How serious are these vulnerabilities?
If an attacker had already compromised your system, they could exploit the remaining 4 vulnerabilities to escalate their privileges up to System (defined) level privileges. This will completely compromise a Windows system. Exploiting the other less serious vulnerabilities will provide administrative access (defined).

How widespread is this software?
This software is installed on all HP systems sold after October 2012. These systems have Windows 7, Windows 8.1 and Windows 10 installed.

How can I protect my organisation or myself from these vulnerabilities?
Its first important to realise a threat actor would first need to have already compromised your Windows system. To fully protect against these vulnerabilities, please uninstall the HP’s Support Assistant software. You will need to uninstall the HP Support Assistant and the HP Support Solutions Framework.

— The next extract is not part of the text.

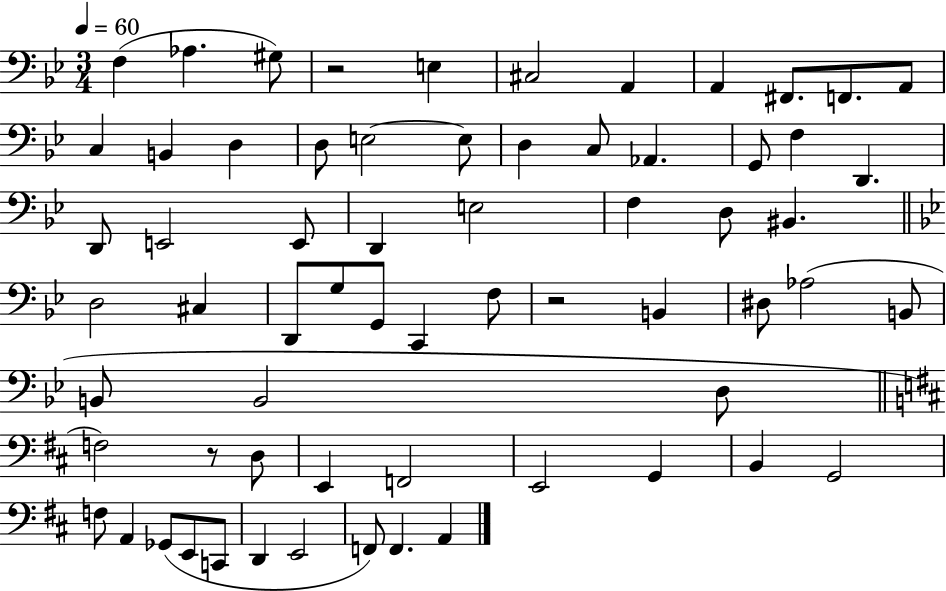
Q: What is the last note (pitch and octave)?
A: A2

Alternatively, continue to check for and install updates to the software until all vulnerabilities are patched.

According to the researcher, “by default, HP Support Assistant does not have automatic updating by default unless you explicitly opt-in (HP claims otherwise)”.

“There are two ways to update the application, the recommended method is by opening “HP Support Assistant” from the Start menu, click “About” in the top right, and pressing “Check for latest version”. Another method of updating is to install the latest version from HP’s website here”.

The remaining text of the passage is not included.